The MSA can also specify the process for resolving disputes, such as through negotiation, mediation, or arbitration. It may also identify the governing law and jurisdiction for legal proceedings, if necessary.
Liability and Indemnification
Accidents happen, and so this section is so important to address the allocation of risks and liabilities between the parties. It may outline limitations of liability, insurance requirements, and provisions for indemnification in case of damages, losses, or claims arising from the services provided.
Governing Law and Entire Agreement
The MSA typically includes a choice of law clause, specifying which jurisdiction's laws govern the agreement. It may also state that the MSA represents the entire agreement between the parties, superseding any prior or contemporaneous agreements or understandings.
Questions to consider when drafting an MSA
Preparing for potential issues in advance is important. A service delay or a vendor going bankrupt could derail the project.
Here are some useful questions to answer for your MSA:
- What services will you provide? Professional, managed or both?
- Have you included wording for Microsoft (DPoR, CPoR, NCE, CSP)?
- Who will be held responsible for each part of the project?

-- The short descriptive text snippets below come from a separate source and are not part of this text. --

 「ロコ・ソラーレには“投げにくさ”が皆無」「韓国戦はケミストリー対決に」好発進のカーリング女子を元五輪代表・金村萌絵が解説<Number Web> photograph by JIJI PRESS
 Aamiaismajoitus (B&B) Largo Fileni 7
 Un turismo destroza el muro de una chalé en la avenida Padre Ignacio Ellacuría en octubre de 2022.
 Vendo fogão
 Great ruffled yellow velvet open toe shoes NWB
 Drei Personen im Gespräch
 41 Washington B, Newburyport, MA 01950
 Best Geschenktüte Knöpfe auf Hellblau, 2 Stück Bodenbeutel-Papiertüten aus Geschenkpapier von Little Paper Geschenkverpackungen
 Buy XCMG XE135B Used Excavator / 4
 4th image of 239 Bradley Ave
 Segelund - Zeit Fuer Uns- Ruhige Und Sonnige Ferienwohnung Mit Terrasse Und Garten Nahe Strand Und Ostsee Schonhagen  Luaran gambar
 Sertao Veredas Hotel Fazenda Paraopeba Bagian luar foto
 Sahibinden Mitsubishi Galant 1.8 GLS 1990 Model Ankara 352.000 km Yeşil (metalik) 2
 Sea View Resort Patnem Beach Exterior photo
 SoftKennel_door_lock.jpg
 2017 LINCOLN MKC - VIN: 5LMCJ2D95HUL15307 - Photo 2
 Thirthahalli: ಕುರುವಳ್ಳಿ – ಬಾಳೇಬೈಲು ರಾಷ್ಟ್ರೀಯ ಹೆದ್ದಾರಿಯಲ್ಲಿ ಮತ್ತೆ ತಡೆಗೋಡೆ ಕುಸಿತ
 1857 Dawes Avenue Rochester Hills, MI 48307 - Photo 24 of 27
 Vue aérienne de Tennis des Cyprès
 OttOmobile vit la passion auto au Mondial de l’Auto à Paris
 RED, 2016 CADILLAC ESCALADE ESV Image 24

- What work will you do together?
- What are you agreeing to provide?
- When will you deliver the product/service and who is responsible for setting it up?
- Who is managing the project and who will deal with the fallout if things go wrong?
- Who will supply / conduct background checks for employees working on the project?
- Who will pay and when and how often? When will payments stop?
- Who will cover insurance expenses?
- Do you want to hold funds in escrow, how will they be released?
- Are there Government requirements, taxes, and tax responsibilities to consider – who will pay?
- How should you handle services provided by a third party?
- How can you call time when one or both parties want to terminate the relationship?